* **THE PROBLEM**
The answer is the line with "Giovanni Medina acusa" and every line after it to the end of the listing, retyped exactly. Pictures do not belong in it.

* **THE DATA**
*** Begin section ***

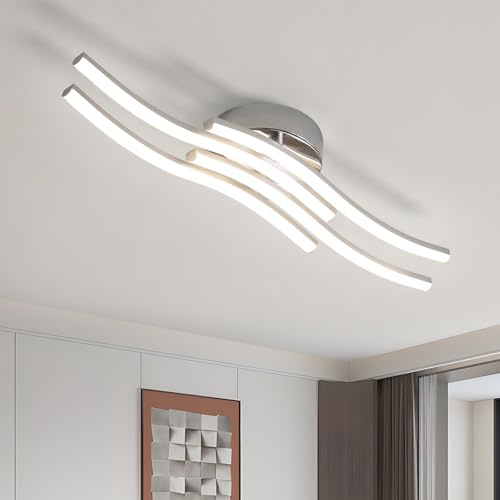 Dorlink Led Deckenleuchte, Deckenlampe Schlafzimmer, 24W Led Deckenleuchte Wohnzimmer, 4500K Neutrales Licht, 4 Lichter Deckenlampe Küche, Silber deckenlampe led für Flur, Esstisch, Balkon Ø52CM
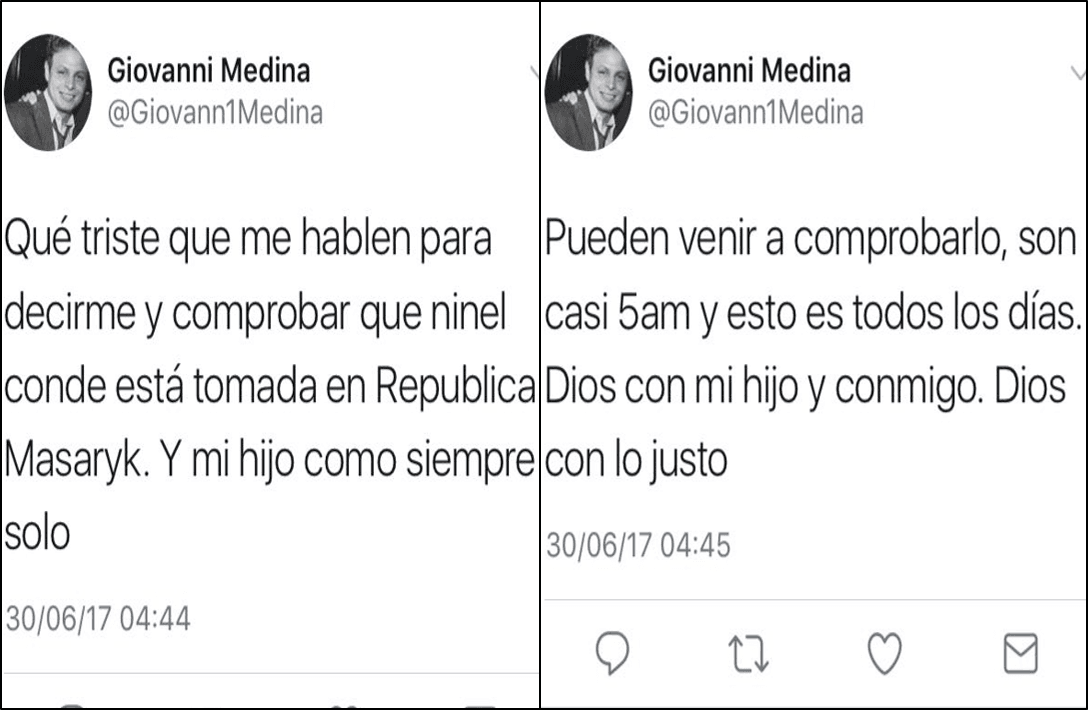 Giovanni Medina acusa a Ninel Conde de dejar a su hijo solo para irse a tomar a los bares. Imagen tomada de los mensajes antes de su eliminación.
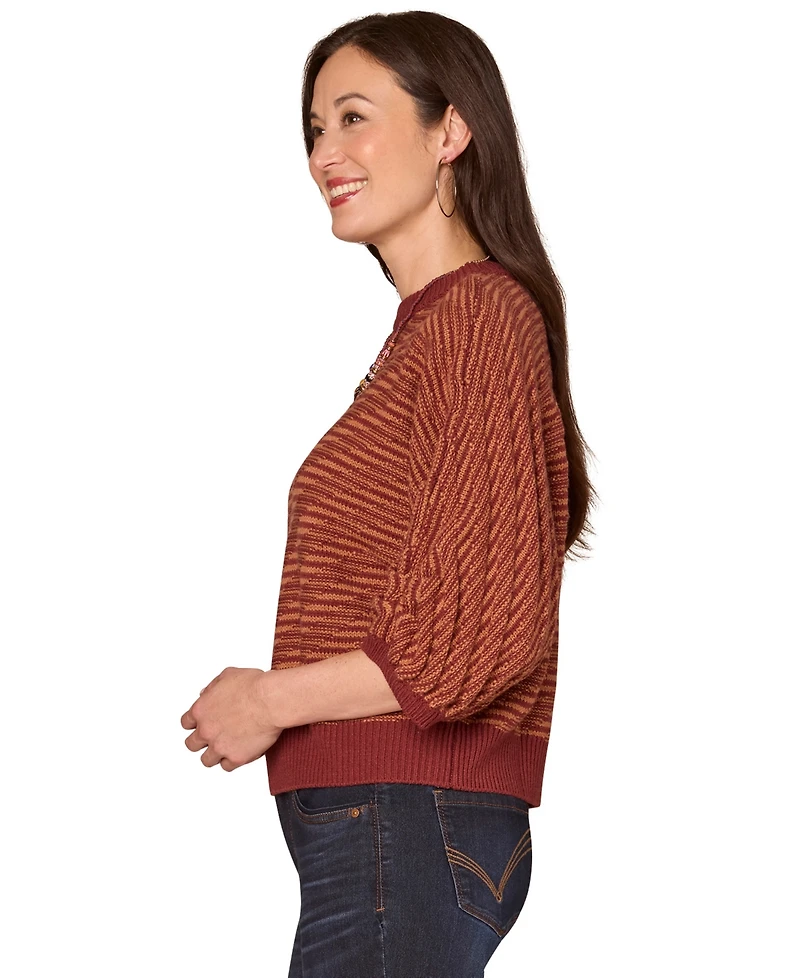 Democracy Women's Dolman Blouson Sleeve Sweater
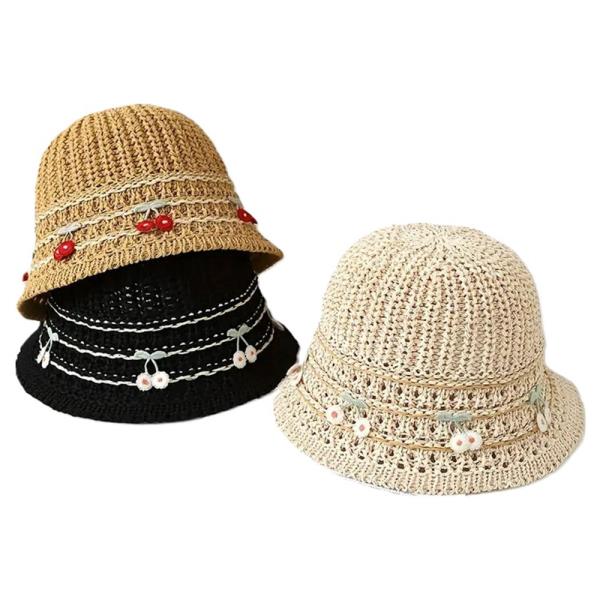 CHERRY STRAW BUCKET SUN HAT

*** End section ***

* **RESULT FOR THIS EXERCISE**
 Giovanni Medina acusa a Ninel Conde de dejar a su hijo solo para irse a tomar a los bares. Imagen tomada de los mensajes antes de su eliminación.
 Democracy Women's Dolman Blouson Sleeve Sweater
 CHERRY STRAW BUCKET SUN HAT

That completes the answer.